Score:0

Moving Ubuntu from old HDD to SDD revisited

me flag

I am trying to do what was asked - and apparently solved - in a question from about 10 years ago:

How to move ubuntu to an ssd

I want to move an existing, working Ubuntu 20.04 install across to a new SSD and not use the old HDD following the move.

I created a partition on the new SSD using gparted, and booted from a Live DVD as suggested in the top answer in the thread above.

However, when I attempt to mount the new drives (which show up as sda and sdb when I type lsblk at the terminal prompt), the following occurs:

sudo mount /dev/sda

mount: /dev/sda: can't find in /etc/fstab

The same result occurred with

sudo mount /media/sda
mount: /media/sda: can't find in /etc/fstab

and if I try to mount a partition rather than the whole drive:

sudo mount /media/sda1
mount: /dev/sda1: can't find in /etc/fstab.

So, I know it's a numpty question, but what am I doing wrong? In a way I'm not surprised by these error messages, because the Live DVD Ubuntu presumably doesn't know anything about the drives on the machine or their partitions in /etc/fstab, since I haven't told it. But where do I go from here?

I also tried the Nautilus based method described here how to access hard drive files from live cd but Nautilus does not show devices (as reported in one of the comments on that page).

Do I need to edit fstab? Strange that none of the 10-years-ago guys mentioned that, if it is the case.

Many thanks,

Eric Ubuntu 20.04 Dell Precision T1650

ChanganAuto avatar
us flag
Reinstalling is BY FAR the best option. Do NOT follow that old answer, it isn't applicable to new UEFI based machines.
Score:1
ca flag

Migrating Linux can be done with clonezilla. Works like a charm.

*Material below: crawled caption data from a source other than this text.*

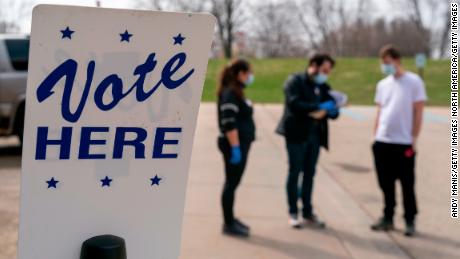 What are poll watchers and what do they do?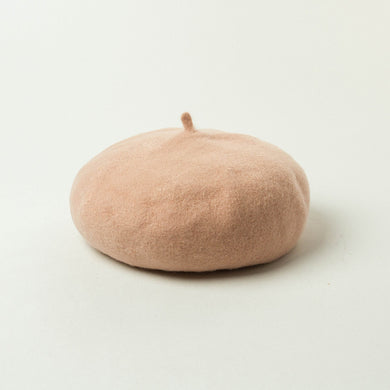 Simple Fashion Women Wool Beret Beanie Lady Hat
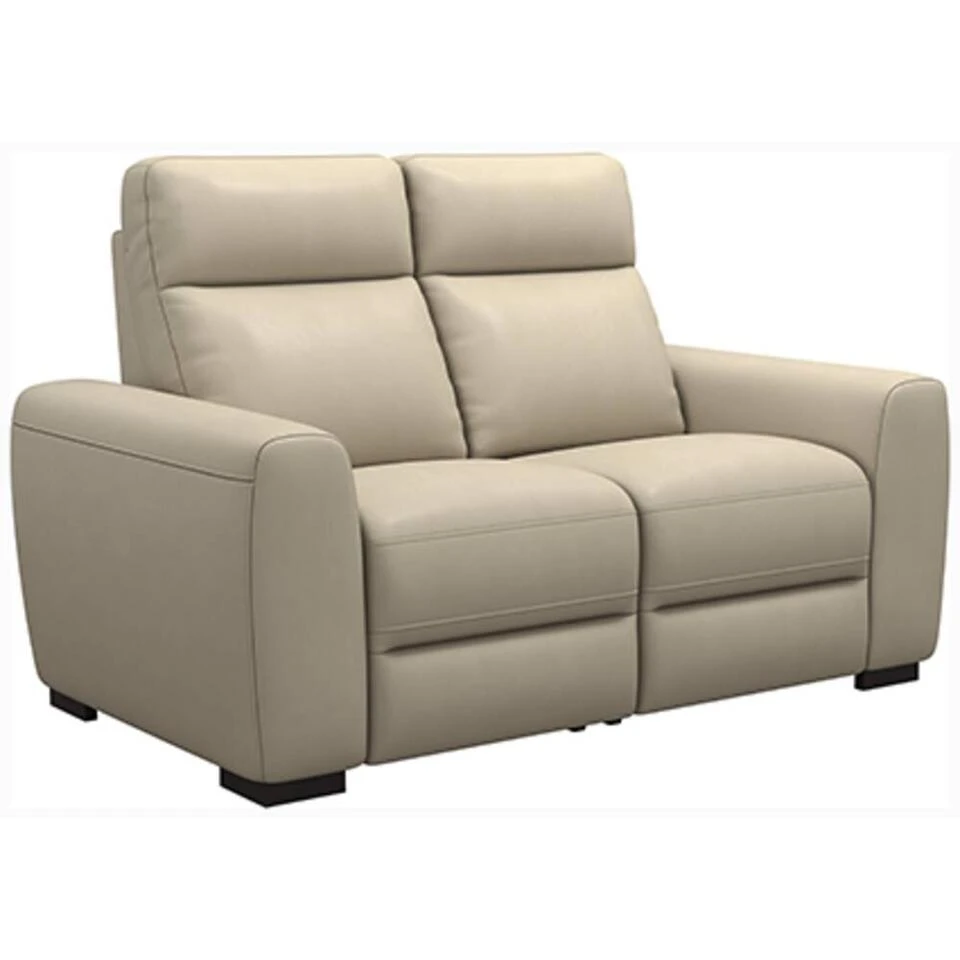 Bank James 2-zits - Stof Melbourne - Taupe 4 Bank James 2-zits - Stof Melbourne - Taupe - Afbeelding 2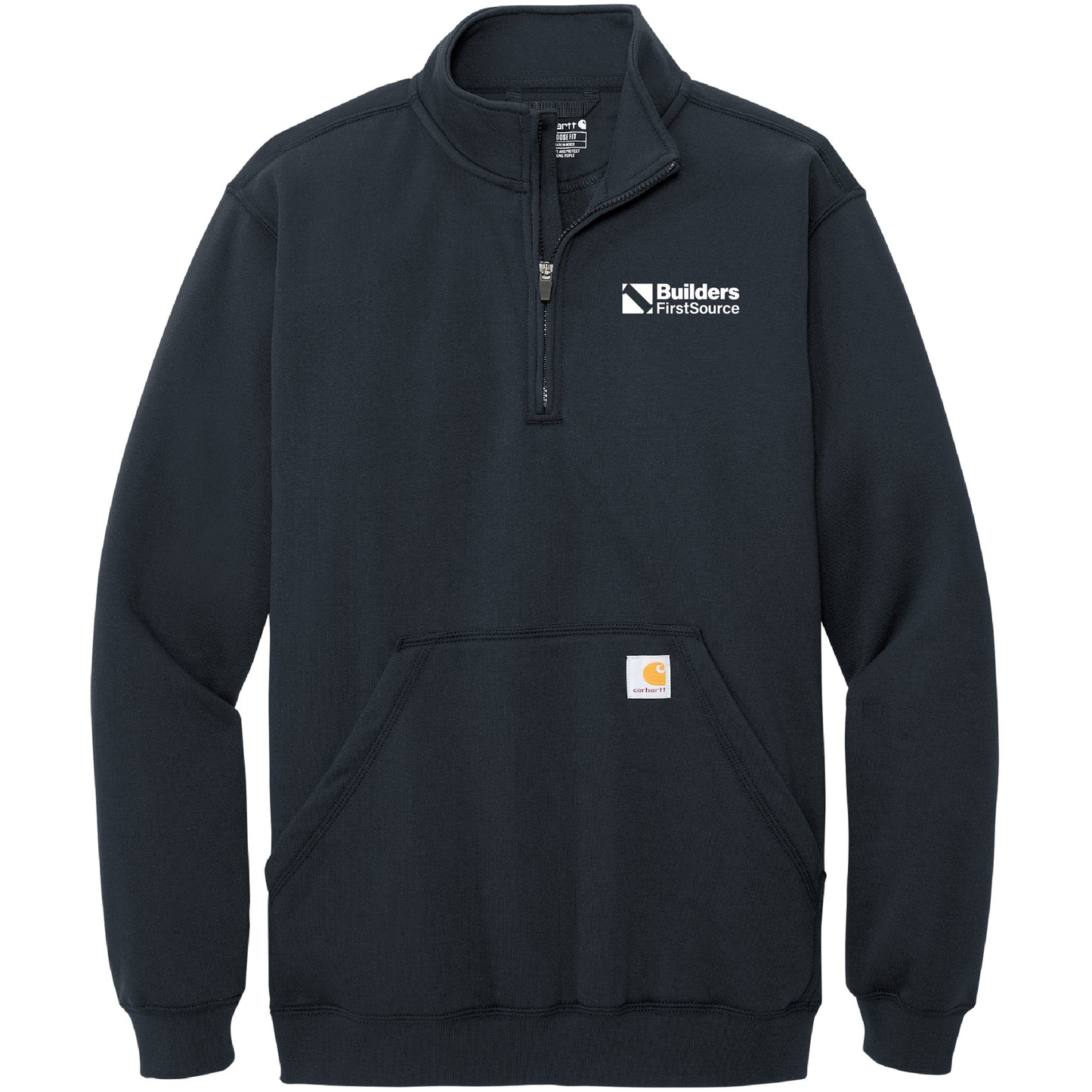 Carhartt Midweight 1/4-Zip Mock Neck Sweatshirt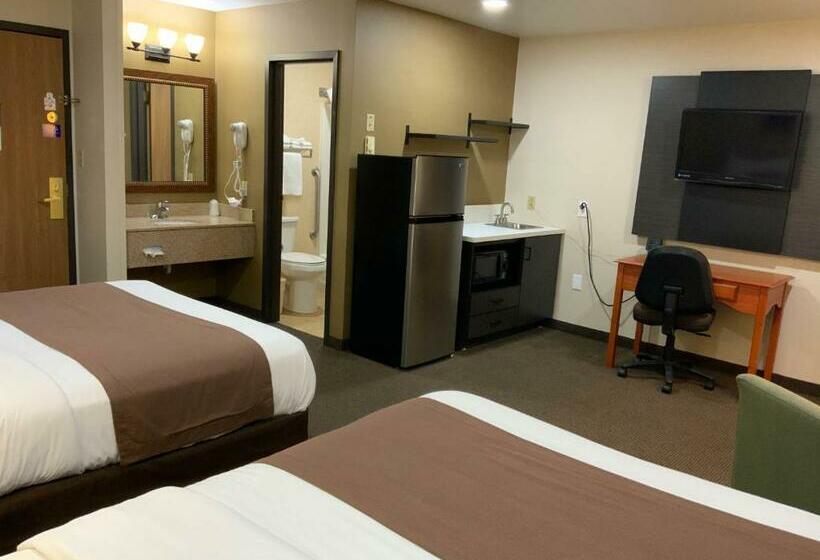 חדר דלוקס, Studio 6  Minot, Nd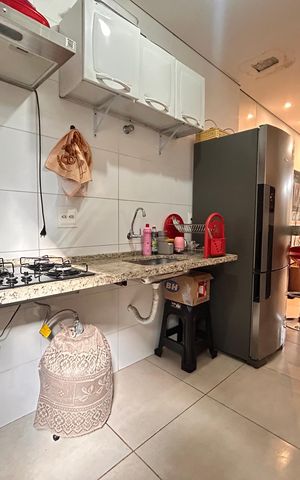 Casa de condomínio à venda com 70m², 3 quartos e 1 vaga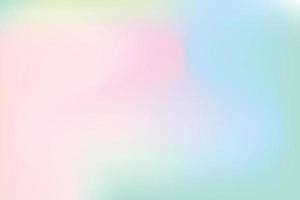 Blur pastel gradient abstract background for social media design vector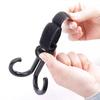 Electric Bike Hook Strong Load-bearing Adjustable Fastener Tape Design Simple Installation Multifunctional Universal Double Hook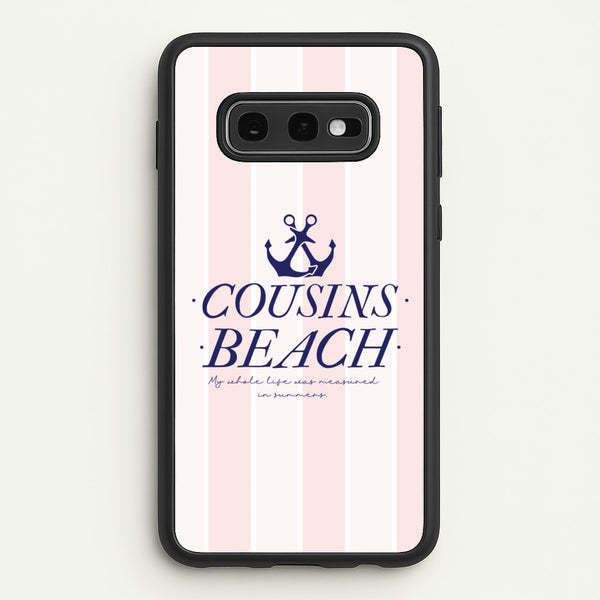 Stripes Cousin Beach  - The Summer I Turned Pretty Phone Case for Galaxy S10e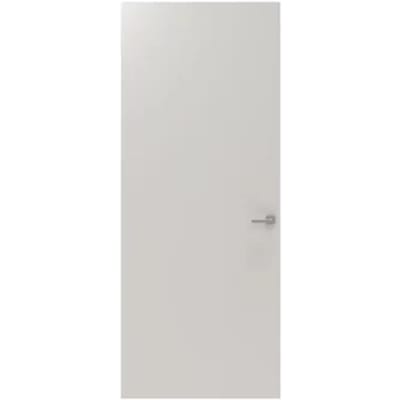 Cando Binnendeur Board Line Ga01 - Signaalwit - Gelakt - Opdek - Links - 73x201,5cm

Now mount require at least two params to achieve what your are trying to do:

mount what where

if you do not tell mount "where", it goes to look at /etc/fstab to find where. So your line could be:

sudo mount /dev/sda1 /mnt

That will mount the partition at /mnt. One important thing. /dev/sda is the disk. /dev/sda(n) is the partition.

Eric_L avatar
me flag
Thank you - it was a fundamental misunderstanding on my part about how to supply arguments to mount.